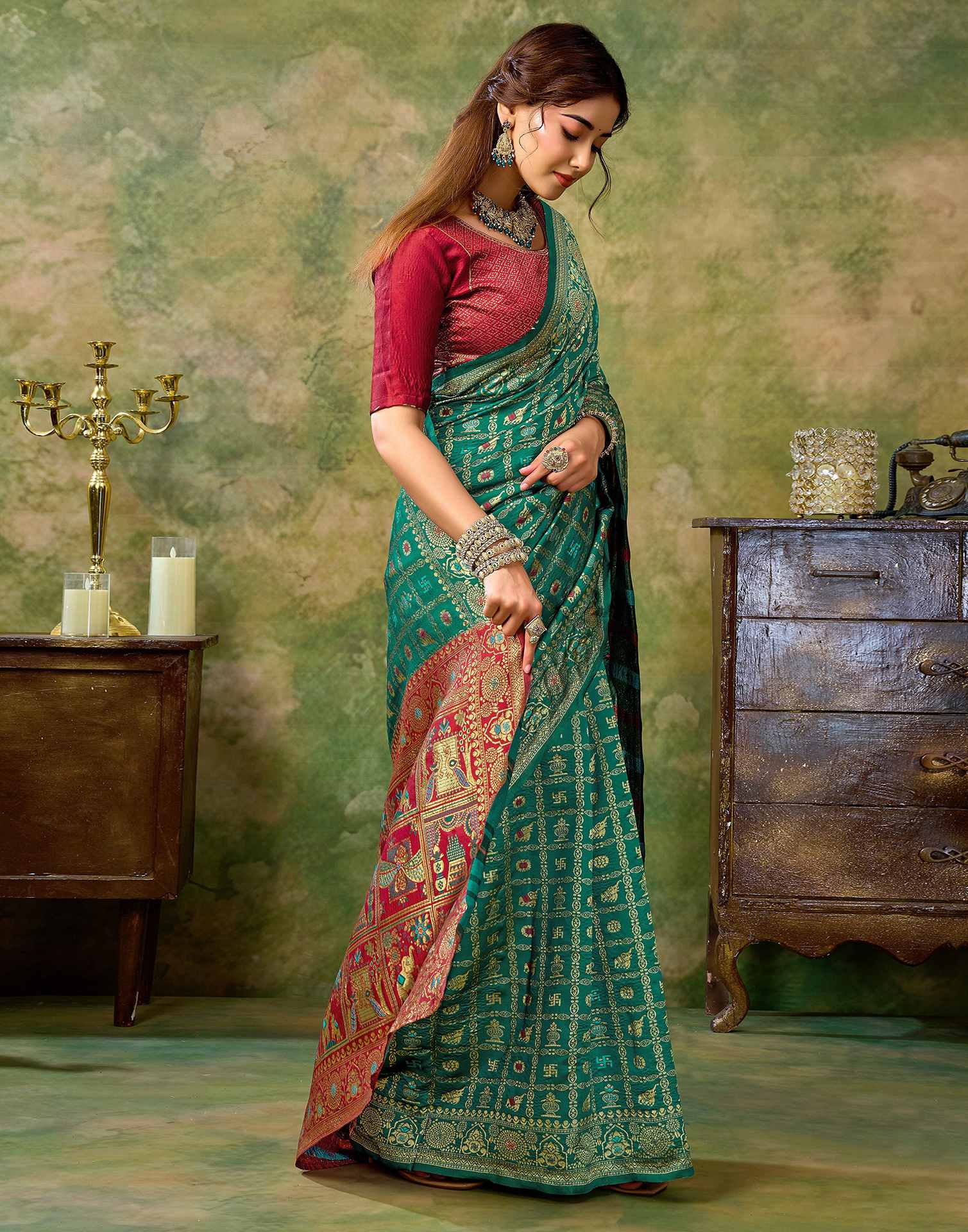 Teal Green Silk Woven Patola Saree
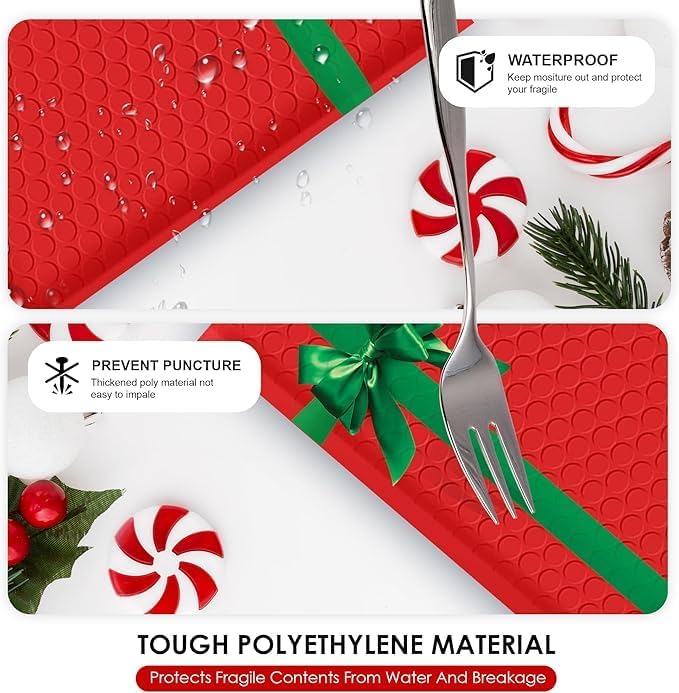 Christmas Poly Bubble Mailers | #4 Cushion Mailer, 9.5x14.5" | Self Seal | Holiday Themed, Red Green Gift Packaging Envelope | Xmas Padded Envelopes | Shipping Bags Mailing Envelopes | 100 pack Bulk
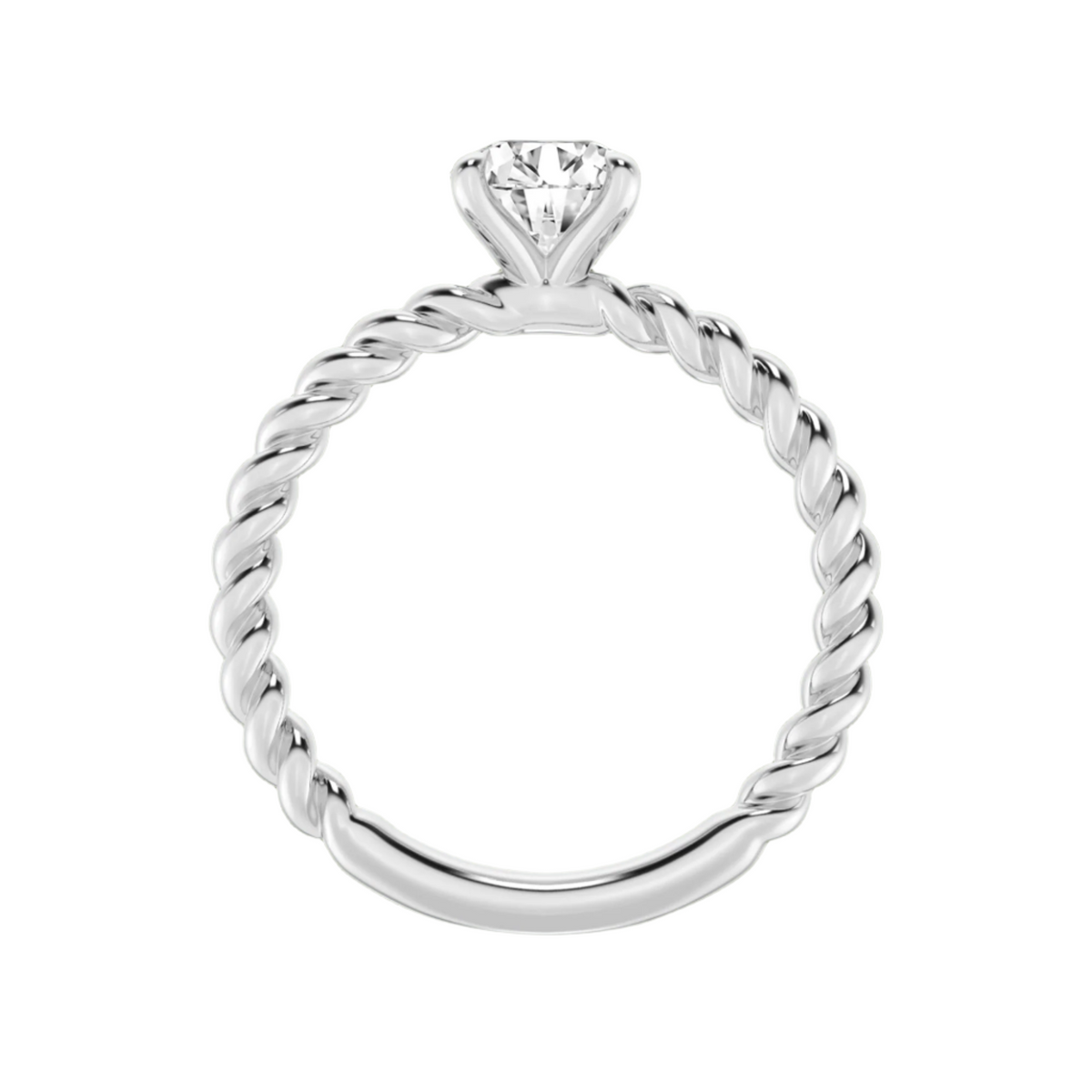 Eternal Twists Solitaire Ring in 10kt - Round Brilliant Cut - 2.00 cts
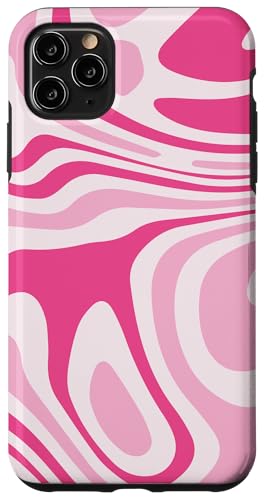 Hülle für iPhone 11 Pro Max Retro Flüssig Wirbel abstraktes Muster Pink Design Groovy von Wirbel 60er 70er Jahre flüssiges abstraktes Muster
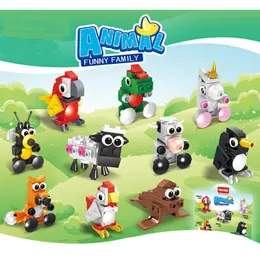 教育動物のミニフィグプラスチックビルディングフォックスシープビルディングブロックレンガミニアクションフィギュアドールおもちゃのおもちゃ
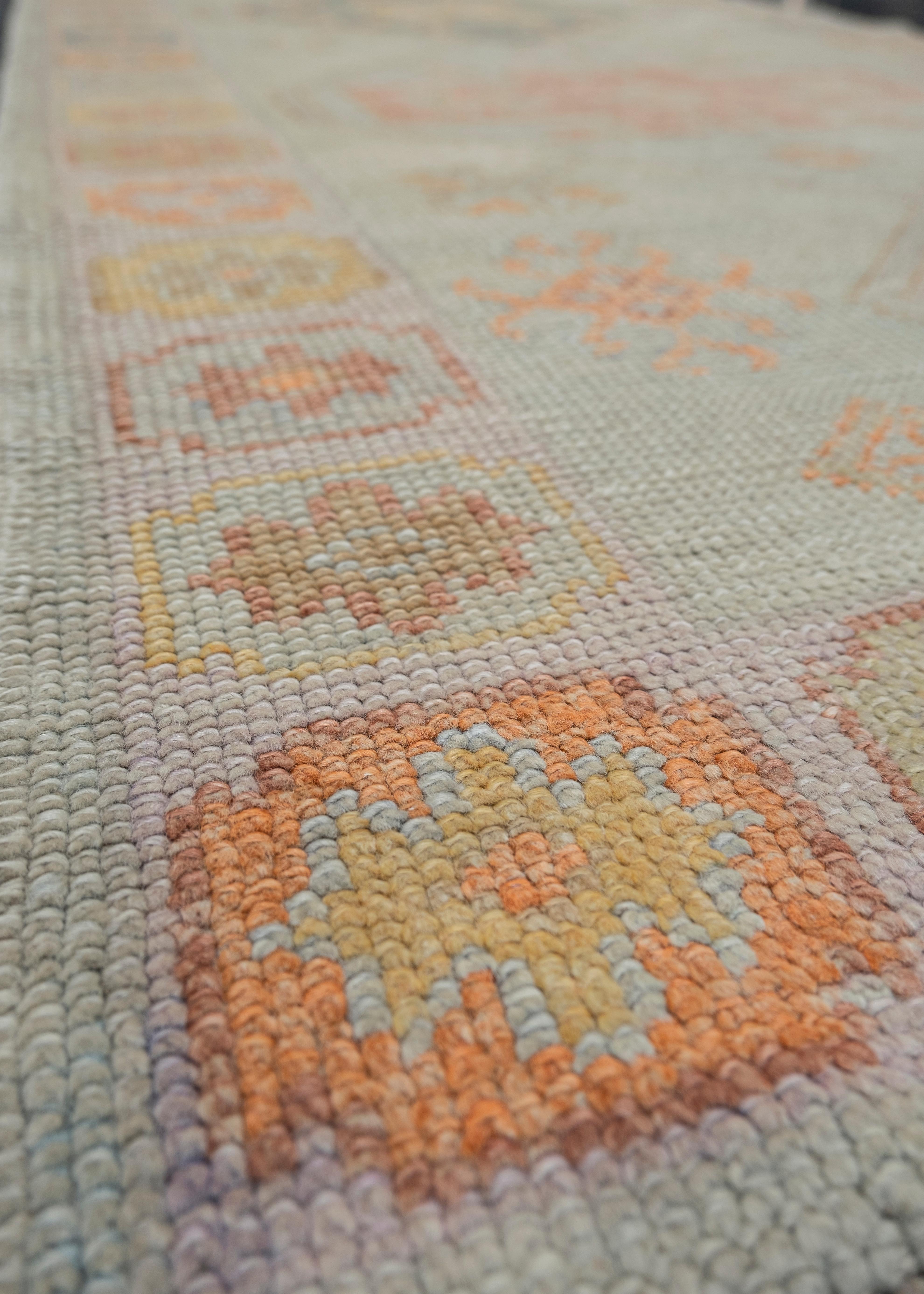 Oushak Rug Oriental Hand Knotted Turkish Oushak 3'2
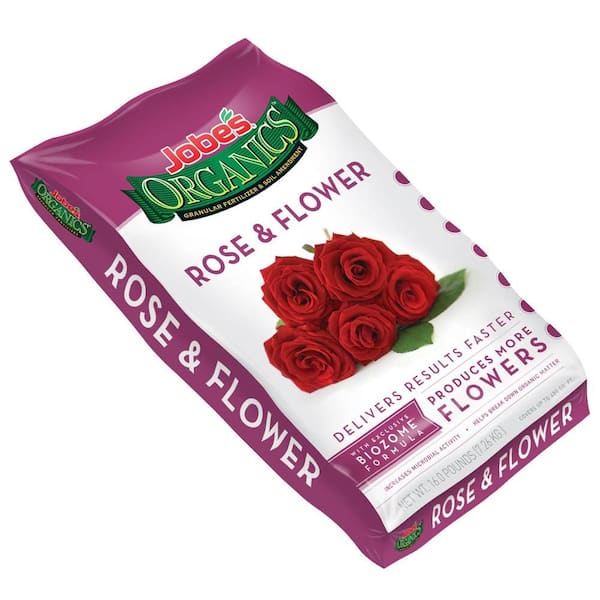Jobe's Organics 16 lb. Organic Rose and Flower Plant Food Fertilizer with Biozome, OMRI Listed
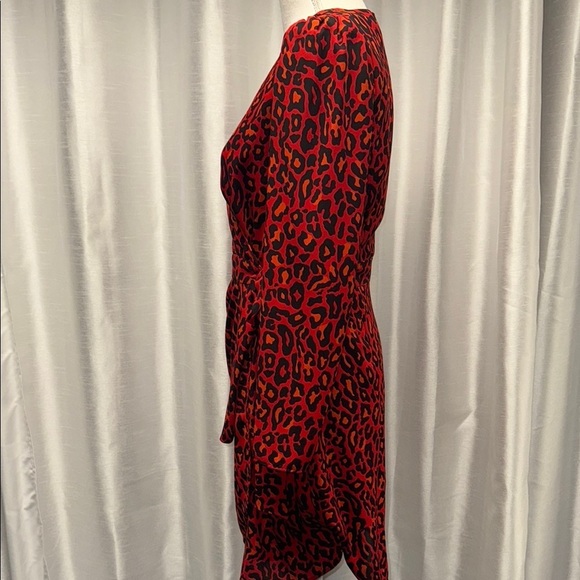 Banana Republic Leopard Print Wrap Dress - Red Size 6 - Picture 4 of 7
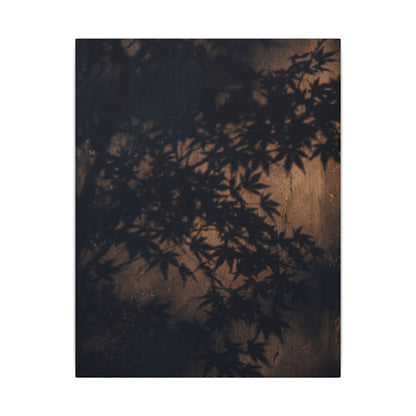 Shadow Play Autumn Canvas Art | Dark Japandi Atmospheric Design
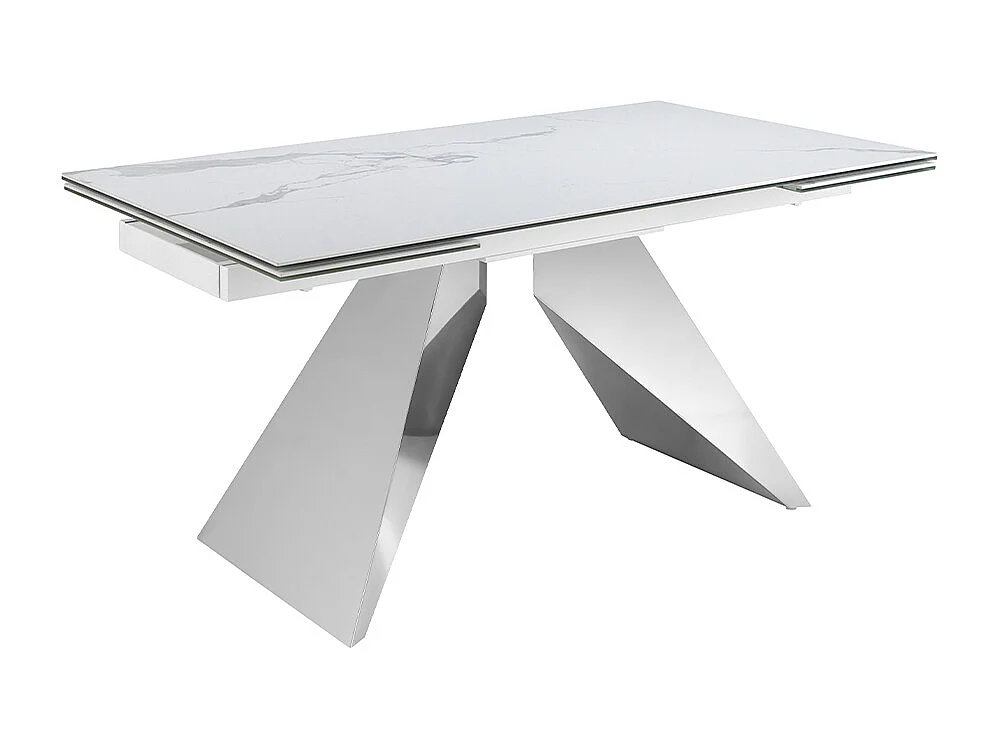 Mesa de jantar extensível barril oval mármore porcelânico e aço preto 1116 ANGEL CERDA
#####
▶ _Goal of the exercise_: The pictures in the listing above are to be dropped, and everything else reproduced exactly.

▶ _Answer to this problem_:
 Teal Green Silk Woven Patola Saree
 Christmas Poly Bubble Mailers | #4 Cushion Mailer, 9.5x14.5" | Self Seal | Holiday Themed, Red Green Gift Packaging Envelope | Xmas Padded Envelopes | Shipping Bags Mailing Envelopes | 100 pack Bulk
 Eternal Twists Solitaire Ring in 10kt - Round Brilliant Cut - 2.00 cts
 Hülle für iPhone 11 Pro Max Retro Flüssig Wirbel abstraktes Muster Pink Design Groovy von Wirbel 60er 70er Jahre flüssiges abstraktes Muster
 教育動物のミニフィグプラスチックビルディングフォックスシープビルディングブロックレンガミニアクションフィギュアドールおもちゃのおもちゃ
 Oushak Rug Oriental Hand Knotted Turkish Oushak 3'2
Jobe's Organics 16 lb. Organic Rose and Flower Plant Food Fertilizer with Biozome, OMRI Listed
 Banana Republic Leopard Print Wrap Dress - Red Size 6 - Picture 4 of 7
 Shadow Play Autumn Canvas Art | Dark Japandi Atmospheric Design
 Mesa de jantar extensível barril oval mármore porcelânico e aço preto 1116 ANGEL CERDA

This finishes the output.